If I'd written that post differently, or if I wasn't already strategic about my audience, I could have ended up with hundreds of random connections who'd be completely wrong for my business. What a waste of time that would have been.
The Results (The not so good bit!)
Going viral is a massive time suck. Massive.
At first, I replied to every comment because people were sharing genuinely helpful advice and being incredibly kind. It felt rude not to respond, but when I hit over 1,000 comments, I had to stop. I just didn't have the time to keep up, and I also didn't want to continue to fuel the post.
Ignoring comments feels rubbish, really rubbish. People took time to share thoughtful advice, and I couldn't acknowledge all of it. I felt like I was being rude, even though logically I knew it was impossible to reply to everyone. But, it was taking way too much time to do it. So if you commented and I didn't reply, I'm so sorry, but thank you for sharing, I'm very grateful.
Also, my other content got completely overshadowed, and I had some cool stuff to share!

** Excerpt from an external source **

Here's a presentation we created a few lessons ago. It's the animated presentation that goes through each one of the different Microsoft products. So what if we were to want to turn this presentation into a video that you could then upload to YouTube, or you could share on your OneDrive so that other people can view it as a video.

The Big Lesson: Always write to your ideal client
The reason this worked out well for me (rather than being just a vanity metric boost) was not pure luck. I am strategic with my content, and it paid off.

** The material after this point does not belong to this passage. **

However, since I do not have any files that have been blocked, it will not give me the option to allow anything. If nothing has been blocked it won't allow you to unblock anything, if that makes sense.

Every post I write on LinkedIn is directed at my ideal client. Specifically people who run SMEs and are dealing with the messy reality of trying to grow a business. This means when something does take off, the people who engage are the right people. They're potential clients who actually need what I offer.
If you take one thing from this rambling post, let it be this: always write your content to your ideal client. It doesn't matter if fewer people see it initially. It matters that the right people see it.
And if you don't know who your ideal client is - we can help you with that at The Pocket Strategist !
For those interested: Here's what I did about my book problem....
I cleared out my bookshelf ruthlessly. Went from dozens of books down to just 12 – only the ones I'd actually already read and would reference again.
I'm not buying any more business books. Possibly ever. If there's a book I'm interested in, I'll decide why I want it, then research it properly first – listen to podcasts with the author, read summaries, check if I can get the core concepts elsewhere. I think doing that will mean I lose interest or get what I need through my research.
I'm switching to biographies instead. Turns out I prefer reading people's stories rather than business frameworks with endless padding.
One in, one out rule. I'll only buy a new book once I've finished what I'm currently reading.
It's okay not to finish books. Revolutionary concept, I know. But if I'm not enjoying it or getting value from it, I'm giving myself permission to stop and pass it on to someone else.
No book clubs. Several people suggested joining book clubs for accountability, but the thought of being forced to read something I'm not enjoying sounds like my personal hell (sorry!).
My conclusion
Going viral was a reminder that I'm building for the long game, not chasing quick wins. Yes, the visibility was brilliant, but sustainable growth comes from consistently connecting with the right people, not from viral moments that derail your week. Sometimes the best business strategy is choosing steady progress over short-term highs - even when those highs feel really good for your ego.